Here is my try at it:
http://pcpartpicker.com/p/hUge
It comes to just over 1000EUR, so it is over budget, but I went overboard in some places, and it would certainly be possible to choose to modify the build in certain places. I would personally keep the i7-3770K, because skimping on the CPU is going to make encoding videos extremely painful to wait for.
The graphics card I picked is basically the least I would want to be stuck with myself. I would suggest going for an EVGA GTX 570 or 670 (the 500 series actually benchmarks better than the 600 series for some models, so saving money by choosing a 570 or 580 is a great idea, though the 600 series may offer power savings over the 500s). I don't know anything about AMD/ATI's graphics cards. I always go with NVidia cards because their driver programmers are far better than ATI's programmers were. AMD may have fixed that problem since they bought ATI, but I haven't tried them out since AMD made that purchase, so you would have to ask someone else about AMD's GPUs if you want to go that route.
If he is dealing with videos that large, then I doubt you'll be able to fit a big enough solid state drive within his budget. I would suggest getting a couple of 1TB 7200rpm hard drives, and when it comes to hard drives, Western Digital will give you the best value. They offer a 5-year warranty on their Caviar Black line, and those drives perform really well for spinning disks. If you are planning on upgrading to any serious RAID configuration, then you should trade in the Caviar Black drives for their RE4 drives. The RE4 drives have error correction parameters set that cause them to perform better than normal consumer drives in RAID configurations, and they carry the same 5-year warranty as the Caviar Black series drives.

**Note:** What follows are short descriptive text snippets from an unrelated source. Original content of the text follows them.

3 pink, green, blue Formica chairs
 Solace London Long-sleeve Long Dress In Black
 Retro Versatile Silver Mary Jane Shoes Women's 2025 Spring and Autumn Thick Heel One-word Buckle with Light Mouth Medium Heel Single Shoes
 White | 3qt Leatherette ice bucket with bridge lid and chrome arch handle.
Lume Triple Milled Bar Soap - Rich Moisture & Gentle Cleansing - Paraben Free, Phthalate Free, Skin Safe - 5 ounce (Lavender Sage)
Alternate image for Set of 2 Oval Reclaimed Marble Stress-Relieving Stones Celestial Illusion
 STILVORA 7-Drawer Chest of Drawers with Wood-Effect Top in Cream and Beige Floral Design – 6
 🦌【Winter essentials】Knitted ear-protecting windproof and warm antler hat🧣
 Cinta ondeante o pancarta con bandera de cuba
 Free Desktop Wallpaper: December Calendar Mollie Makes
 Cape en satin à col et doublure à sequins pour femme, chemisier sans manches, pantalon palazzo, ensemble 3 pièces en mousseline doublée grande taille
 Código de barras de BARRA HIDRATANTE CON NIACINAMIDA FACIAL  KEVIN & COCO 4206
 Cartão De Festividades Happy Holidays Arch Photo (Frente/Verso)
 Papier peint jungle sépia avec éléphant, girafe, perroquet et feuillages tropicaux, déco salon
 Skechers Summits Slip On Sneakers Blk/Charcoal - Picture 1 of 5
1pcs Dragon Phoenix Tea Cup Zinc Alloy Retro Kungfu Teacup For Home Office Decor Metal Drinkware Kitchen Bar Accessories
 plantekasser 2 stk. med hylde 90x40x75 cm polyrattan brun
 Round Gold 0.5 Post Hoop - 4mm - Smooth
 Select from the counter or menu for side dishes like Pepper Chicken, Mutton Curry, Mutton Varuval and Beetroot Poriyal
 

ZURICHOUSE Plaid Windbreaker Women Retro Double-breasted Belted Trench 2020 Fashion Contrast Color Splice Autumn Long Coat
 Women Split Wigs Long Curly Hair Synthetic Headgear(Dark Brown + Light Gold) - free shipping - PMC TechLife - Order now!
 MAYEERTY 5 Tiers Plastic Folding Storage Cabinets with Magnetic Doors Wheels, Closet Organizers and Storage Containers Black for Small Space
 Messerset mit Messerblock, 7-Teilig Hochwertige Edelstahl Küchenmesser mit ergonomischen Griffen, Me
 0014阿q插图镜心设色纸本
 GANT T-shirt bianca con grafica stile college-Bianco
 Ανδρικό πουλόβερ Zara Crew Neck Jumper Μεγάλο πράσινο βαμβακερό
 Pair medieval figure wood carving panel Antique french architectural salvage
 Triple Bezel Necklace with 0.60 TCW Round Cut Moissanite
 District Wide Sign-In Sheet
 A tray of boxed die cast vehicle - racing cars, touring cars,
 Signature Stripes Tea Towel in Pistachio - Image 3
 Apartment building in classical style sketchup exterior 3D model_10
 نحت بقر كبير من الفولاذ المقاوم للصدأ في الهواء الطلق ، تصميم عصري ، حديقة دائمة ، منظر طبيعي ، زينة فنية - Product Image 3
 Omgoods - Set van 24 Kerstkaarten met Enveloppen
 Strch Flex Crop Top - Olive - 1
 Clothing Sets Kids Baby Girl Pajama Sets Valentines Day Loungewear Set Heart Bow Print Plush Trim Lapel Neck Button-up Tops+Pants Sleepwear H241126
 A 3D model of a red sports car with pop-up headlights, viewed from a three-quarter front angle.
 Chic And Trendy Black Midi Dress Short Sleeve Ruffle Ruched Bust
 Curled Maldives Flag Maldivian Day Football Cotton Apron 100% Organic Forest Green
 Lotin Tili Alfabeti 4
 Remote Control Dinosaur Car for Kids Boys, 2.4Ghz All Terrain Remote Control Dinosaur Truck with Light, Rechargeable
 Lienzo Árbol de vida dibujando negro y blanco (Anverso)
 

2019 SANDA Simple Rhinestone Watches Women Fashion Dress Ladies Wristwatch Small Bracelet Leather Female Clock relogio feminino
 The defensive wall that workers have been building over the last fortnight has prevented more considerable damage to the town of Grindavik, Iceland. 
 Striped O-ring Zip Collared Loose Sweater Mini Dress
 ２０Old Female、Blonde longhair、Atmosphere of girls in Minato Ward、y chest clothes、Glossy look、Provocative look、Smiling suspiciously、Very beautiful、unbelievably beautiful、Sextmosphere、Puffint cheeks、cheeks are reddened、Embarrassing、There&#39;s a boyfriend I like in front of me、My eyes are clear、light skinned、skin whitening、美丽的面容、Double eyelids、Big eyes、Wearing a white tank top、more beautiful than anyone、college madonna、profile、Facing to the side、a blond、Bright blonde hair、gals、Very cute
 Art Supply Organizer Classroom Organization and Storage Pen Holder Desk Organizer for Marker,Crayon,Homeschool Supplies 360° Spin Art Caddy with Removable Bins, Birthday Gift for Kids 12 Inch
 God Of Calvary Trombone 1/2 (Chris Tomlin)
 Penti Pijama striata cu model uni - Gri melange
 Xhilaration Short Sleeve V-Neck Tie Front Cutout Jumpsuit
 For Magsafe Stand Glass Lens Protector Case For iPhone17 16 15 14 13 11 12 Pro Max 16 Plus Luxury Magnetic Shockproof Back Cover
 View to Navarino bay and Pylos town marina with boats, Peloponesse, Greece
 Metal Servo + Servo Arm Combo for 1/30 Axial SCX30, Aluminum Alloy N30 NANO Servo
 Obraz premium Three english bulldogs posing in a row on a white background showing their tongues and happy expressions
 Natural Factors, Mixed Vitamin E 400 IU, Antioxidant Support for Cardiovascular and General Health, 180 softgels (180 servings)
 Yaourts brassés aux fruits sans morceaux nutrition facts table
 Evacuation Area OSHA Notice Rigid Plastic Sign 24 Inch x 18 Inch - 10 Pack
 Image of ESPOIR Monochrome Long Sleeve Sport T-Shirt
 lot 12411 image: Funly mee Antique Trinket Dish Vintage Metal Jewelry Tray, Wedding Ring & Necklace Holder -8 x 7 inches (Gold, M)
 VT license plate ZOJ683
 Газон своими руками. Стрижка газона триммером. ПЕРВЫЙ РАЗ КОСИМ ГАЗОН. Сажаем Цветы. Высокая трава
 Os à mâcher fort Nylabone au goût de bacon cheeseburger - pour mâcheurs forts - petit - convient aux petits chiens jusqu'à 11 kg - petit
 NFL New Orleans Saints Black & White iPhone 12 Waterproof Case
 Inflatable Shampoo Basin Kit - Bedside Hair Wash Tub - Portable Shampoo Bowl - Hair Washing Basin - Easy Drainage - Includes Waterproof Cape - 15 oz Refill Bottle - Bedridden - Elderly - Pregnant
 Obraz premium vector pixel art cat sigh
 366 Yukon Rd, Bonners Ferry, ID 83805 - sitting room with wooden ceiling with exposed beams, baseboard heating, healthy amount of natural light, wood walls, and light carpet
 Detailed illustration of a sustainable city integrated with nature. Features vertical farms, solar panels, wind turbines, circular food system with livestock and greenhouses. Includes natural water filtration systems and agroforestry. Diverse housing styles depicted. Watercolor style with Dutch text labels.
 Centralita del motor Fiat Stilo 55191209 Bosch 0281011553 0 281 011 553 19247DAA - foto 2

The case I chose was a random pick from cases that I've seen recently that I thought looked cool. That is all it is. A case is a very personal sort of choice, and I would really just leave that up to you and your friend. A lot of money can be saved right there.
8GB of RAM is basically the new "enough". I, personally, would just start off with 16GB of RAM, but I do stuff like run multiple 4GB virtual machines, so I need a bunch of RAM to do that. 8GB is plenty to handle every game ever made so far, and it is enough to handle most other programs, too. Video editing is helped greatly by adding more memory, though, so he should really be trying to expand to 16GB in the future if he doesn't start out with 16GB now. I would just stick with 1600MHz to save money, and I certainly wouldn't go below 1600MHz. Most LGA 1155 motherboards have 4 DIMM slots, which is why I chose an 8GB kit that has two 4GB DIMMs. That leaves room to upgrade to 16GB later.
Anyway, you can take this and add/subtract to get closer to where you're trying to end up. I hope it helps.